Mümtaz Soysal, ehemaliger Außenminister und Mitglied der Partei der nationalgesinnten demokratischen Linken Ecevits, folgt der kemalistischen Idee von "Verwestlichung" (Garblilaschmak), wenn er nationalistischen und islamistischen Vorwürfen einer "blinden Nachbeterei Europas" entgegenhält, daß die zivilisatorischen Errungenschaften dieses Kontinents entscheidend seien.

Allein diese Errungenschaften könnten die eigene Nation befähigen, "den häßlichen Arm desselben (europäischen; Anmerkung des Verfassers) Imperialismus fernzuhalten" (Cumhuriyet vom 12. März). Da Deutschland einerseits gegen eine türkisch-europäische Annäherung sei und andererseits allen reaktionären Bewegungen, von den islamischen Fundamentalisten bis zu kurdischen Chauvinisten aus Anatolien, Unterschlupf gewähre, seien Vorwürfe gegen die Politik Bonns nur konsequent, erklärte Soysal. Scheinheilig kritisierte im März auch ein Teil der Islamisten, die sonst bei jedem Gebet den "gottlosen Westen" verfluchen und von einer Weltherrschaft des Islam träumen, den "skandalösen Vorfall" auf dem EVP-Treffen. Die EU sei eben doch nur ein "Christenklub", ließen sie verlautbaren.

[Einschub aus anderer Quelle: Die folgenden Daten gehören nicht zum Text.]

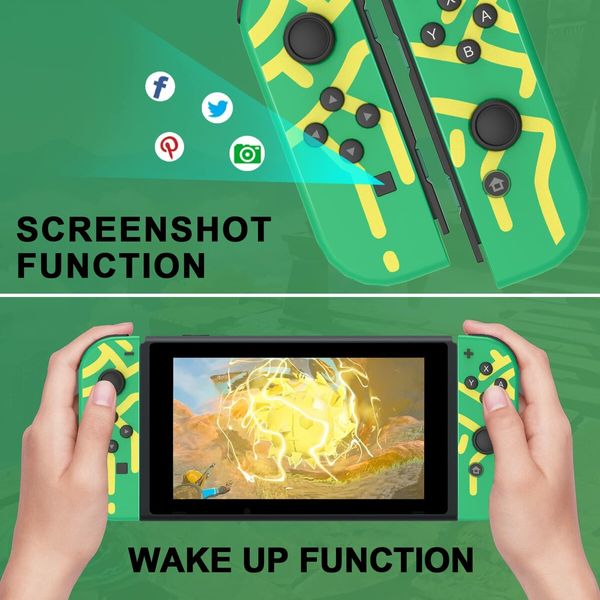 Joycons for Switch Nintendo,Replacement for Nintendo Switch Controllers joycon,L/R joycon for Switch joycons with Dual Vibration/Montion Control/Wake-up Function (Zelde Tears of The Kingdom Green)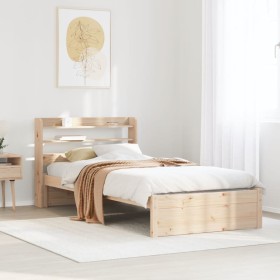 Estructura de cama con cabecero madera maciza pino 75x190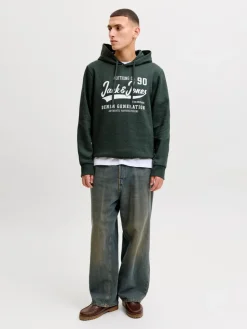 Jack and Jones miesten huppari Logo Sweat Hood, Scarab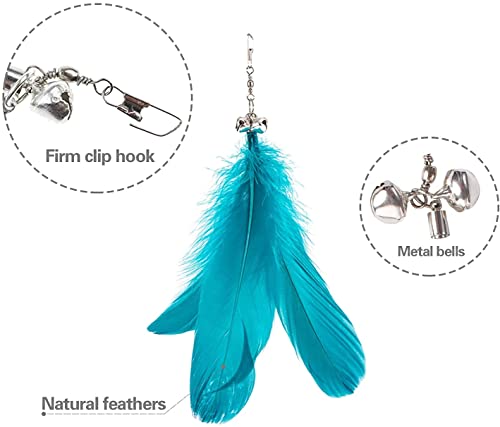 Juguete interactivo para gatos con ventosa extraíble con 8 piezas de ratón, cabeza de plumas natural, juego de campanas, varita mágica, juguete para gato (Multi-1)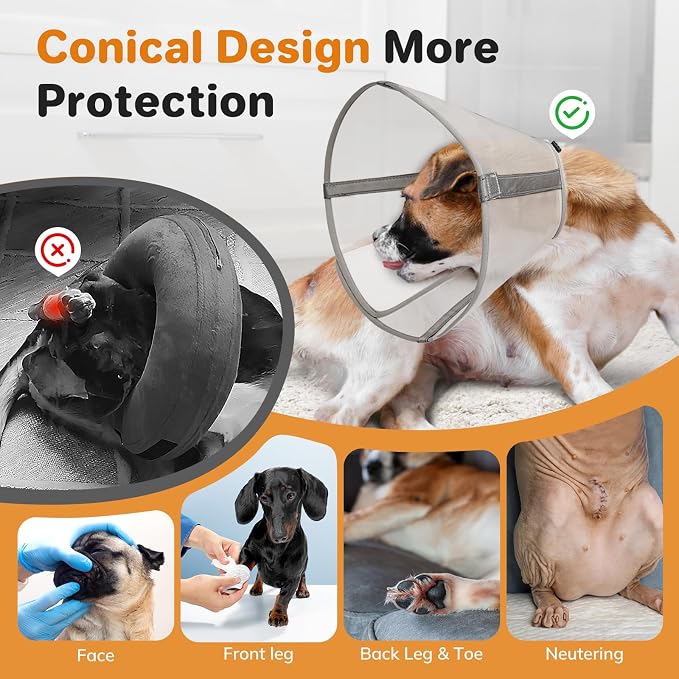 Breathable Mesh Dog Cone Collar for Surgery, Soft Elizabethan Recovery Alternative to Stop Licking,Pet Neck Collar for Large Medium Small Breeds, XXL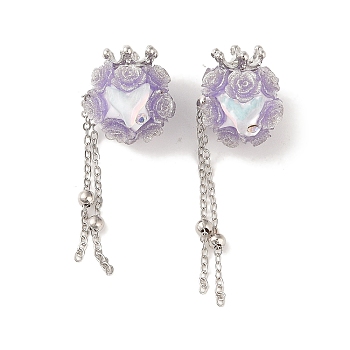 Polymer Clay Rhinestone Beads, with Glitter, Resin & Acrylic & Glass Cabochon & Alloy Chain, Rose with Crown & Fishtail, Lilac, 60~69mm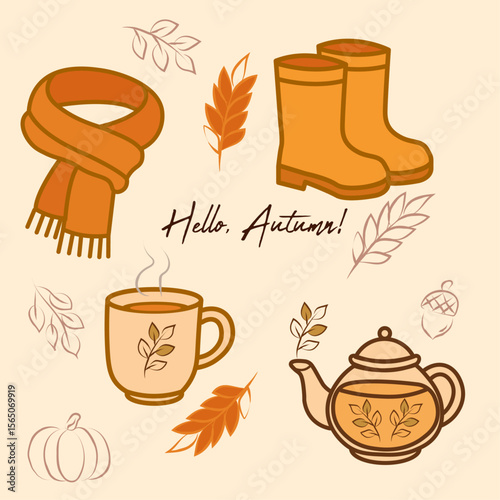 set of tea and sweets Cozy autumn illustration with boots, scarf, teapot, and warm drink. Hand-drawn fall elements with warm colors and "Hello Autumn!" text.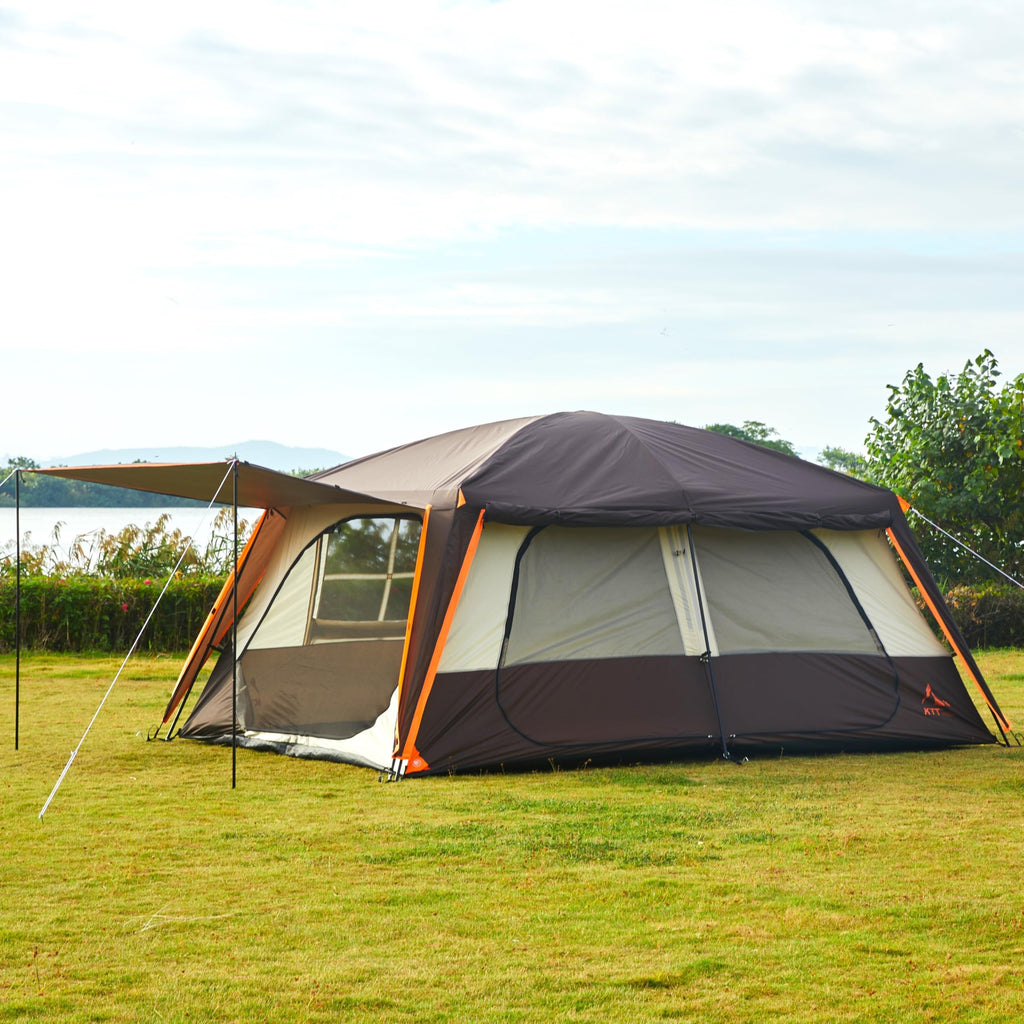 KTT Extra Large Tent 12 Person,Family Cabin Tents,Awning,2 Rooms,4 Doors and 4 Windows with Mesh,Straight Wall,Waterproof,Double Layer,Big Tent for Outdoor,Picnic,Camping,Family Gathering(Brown)
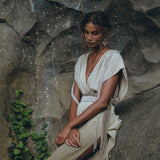 Off - White with Green Boho Dress • Bohemian Organically Dyed Dress - AYA SW IDR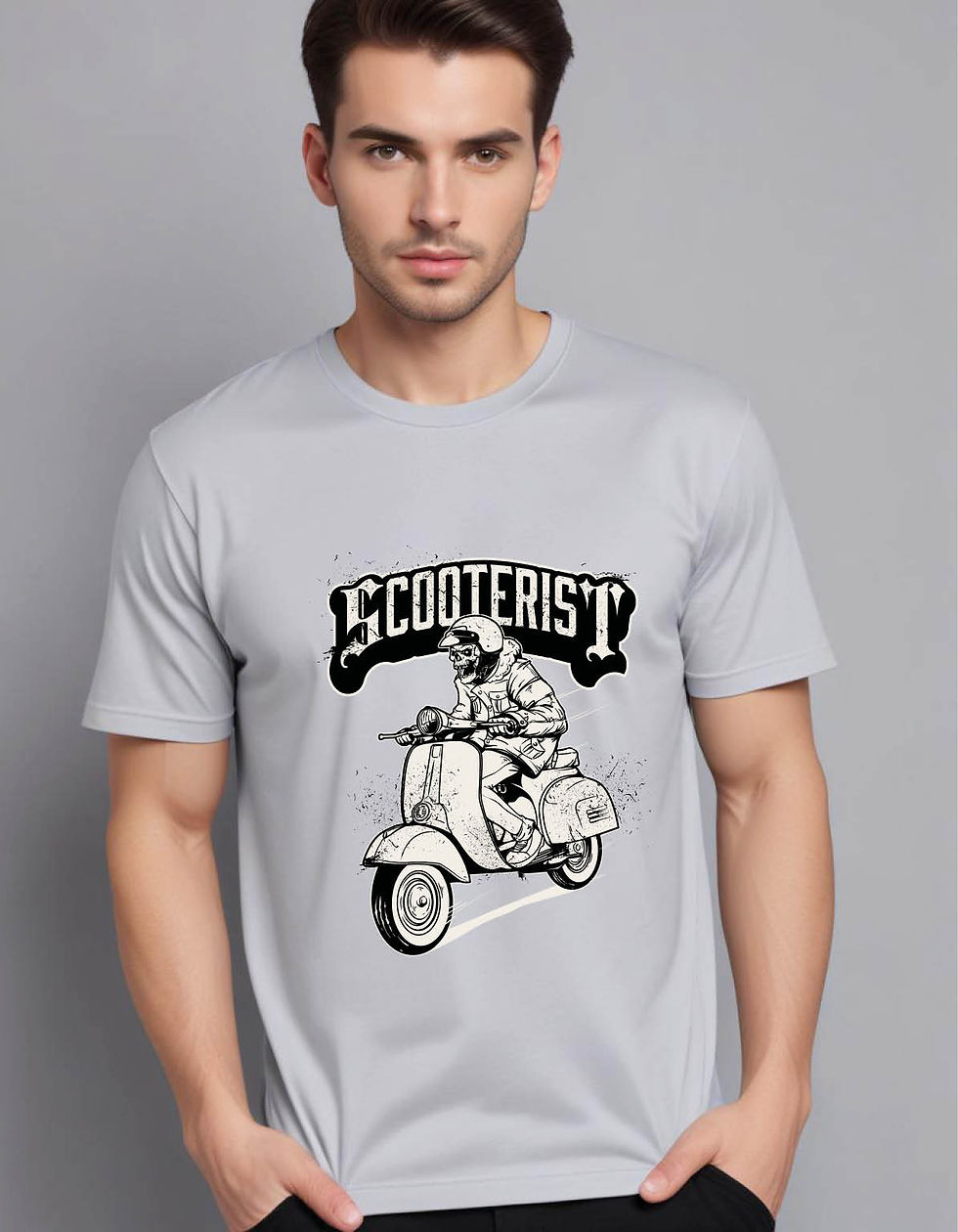 Thumbnail: skeleton riding scooter mens printed graphic t shirt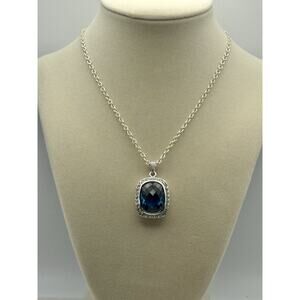 Handmade Brass Pendant With Handmade Faceted Deep Blue Glass Setting And CZ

Da Erbakan von seiner Abneigung gegen die EU bis zu seiner Machtübernahme kein Hehl gemacht hat und phantastischen Bündnissen in der islamischen Welt nachhängt, kann man ihm wohl unterstellen, daß er die Verschlechterung des türkisch-deutschen Verhältnisses als Preis für seine außenpolitischen Vorstellungen begrüßt.